Владимир Мавродин - Очерки истории Левобережной Украины (с древнейших времен до второй половины XIV века)
Здесь, на Северном Кавказе, этот пришлый русский элемент находит родственную, социально-этническую среду, в которой, по-видимому, шел и процесс трансформации яфетидов в индоевропейцев — иранцев, а затем, под влиянием антов, — в русских. Проникновение русских на Кавказ носило вначале характер передвижений, переселений антов и русификации туземных племен, связанных с антами, а позднее, с начала создания славянами в Приднепровье государства, — это проникновение стало носить характер налетов, походов, кончившихся оседанием части русских дружинников на завоеванной территории, пока, наконец, не создано было Тмутараканское княжество, феодальное полугосударственное образование.
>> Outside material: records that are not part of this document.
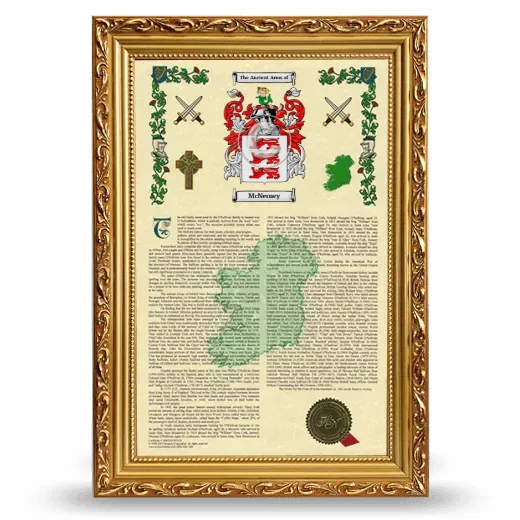 McNerney Armorial History Framed - Gold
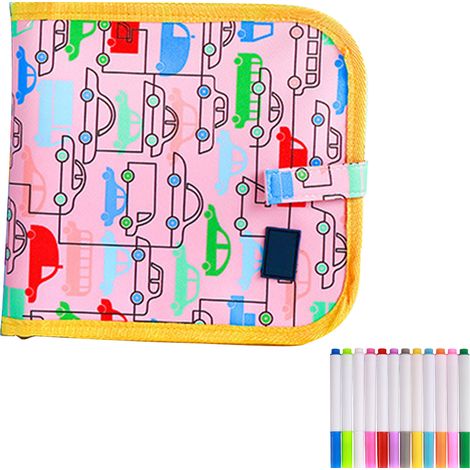 1 Tableau à dessin effaçable, 14 pages noires, cuir PU, 12 feutres couleur, jouet éducatif, voyage (1/5)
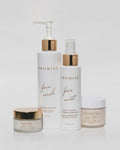 Promise skincare products including face wash, face mist, and face cream on a white background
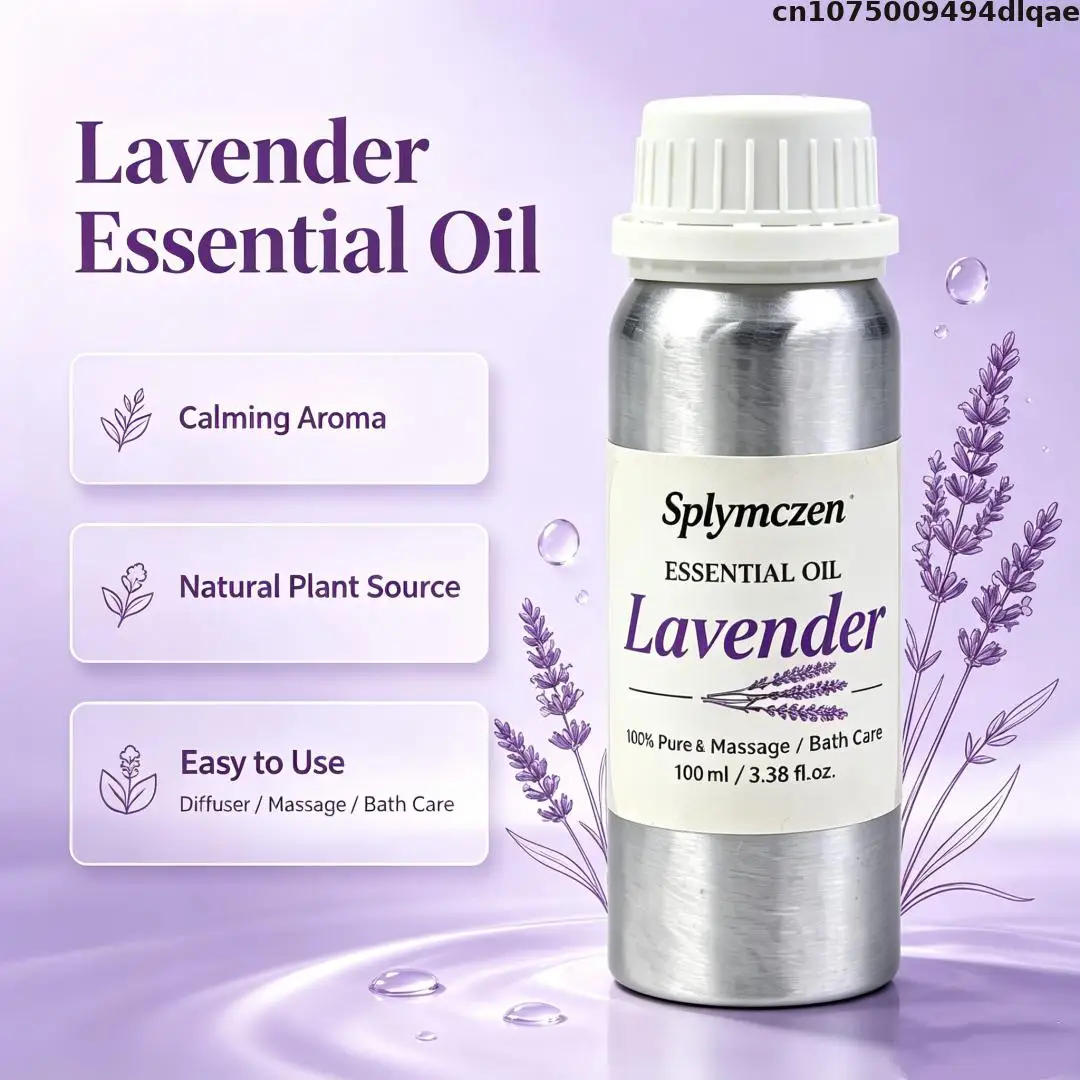 100ml Lavender Essential Oil Pure Natural Aroma Oil For Reed Diffuser Humidifier Aromatherapy Home Indoor Fragrance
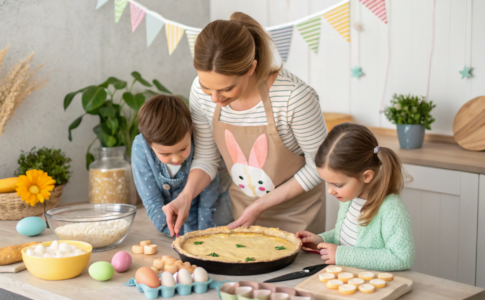 une maman et ses enfants qui préparent une quiche lapin de Pâques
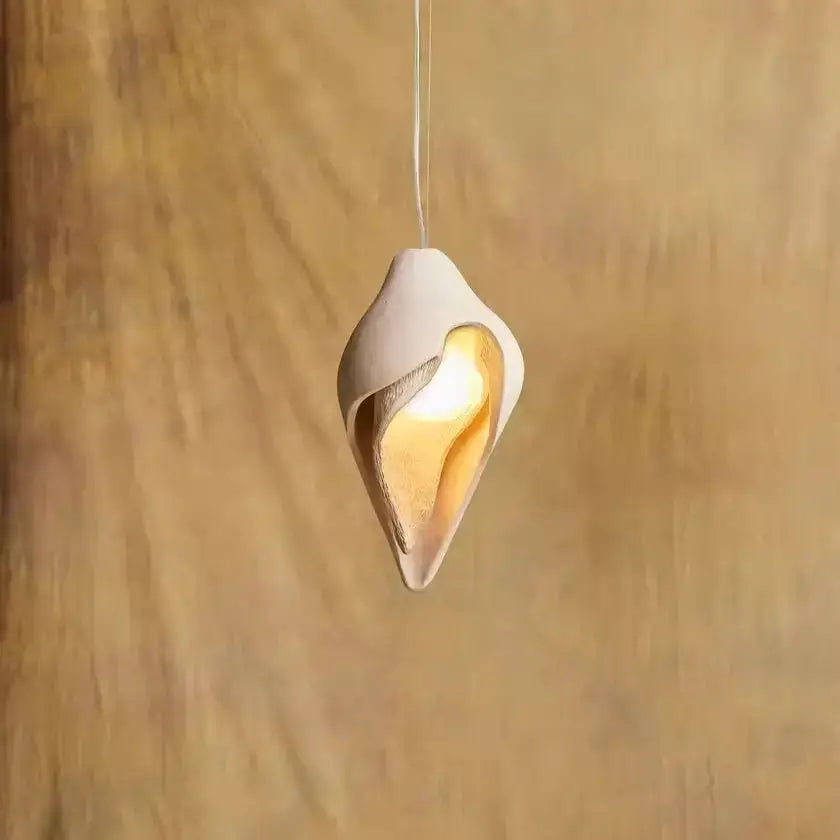 Wabi sabi cream gypsum conch pendant lamp for living room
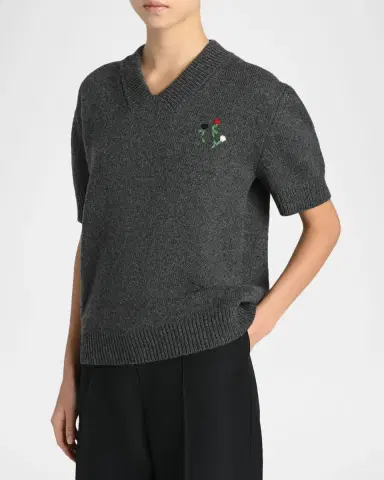 Marni Floral Embroidered Wool-Cashmere Sweater | Thumbnail 4 Marni Floral Embroidered Wool-Cashmere Sweater | Thumbnail 4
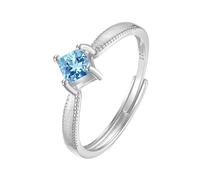 925 Silver Birthstone Rings Adjustable Vintage Matte Brushed Band Natural Gemstone Square Cut Wedding Promise Band For Women Girls Jewellery Gifts, Gold Plated Or Plating Blue Topaz Ring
Походы русов на южное и крымское побережья Черного моря и на Каспий относятся еще к первой половине IX в.[222] Первый поход на Тмутаракань относится к началу X в. Успешным походам русов способствовало наличие славяно-русского населения в туземных поселениях на берегах Азовского и Черного морей. Это население появилось здесь в результате поселения купцов и дружинников в городах Приазовья и Причерноморья, Наличие русских, знакомых с путями, ведущими на юг, к Причерноморью, к Византии, к Каспию и даже проживавших на юго-востоке, несомненно облегчало действия русских дружин, громивших, по «Житию Стефана Сурожского» из Новгорода, Крымское побережье Черного моря, а по «Житию Георгия Амастридского» — его южное побережье. Здесь, на юге, они воспринимали византийскую и восточную, в частности, хазарскую культуру. Результатом несомненного влияния хазарской культуры является хотя бы само наименование русского князя «каган», о чем говорят Вертинские анналы, Ибн-Росте, «Похвала» митрополита Иллариона, повествует «Слово о полку Игореве». Здесь же, по-видимому, жили русы-христиане, для которых была учреждена упоминаемая в Уставе Льва Философа (886–911 гг.) русская епархия, помещаемая в его списке 61-ой, рядом с 62-ой, аланской; и призванная обслуживать русское население так же, как обслуживала его в XIII в. Сарайская и Переяславльская епархии.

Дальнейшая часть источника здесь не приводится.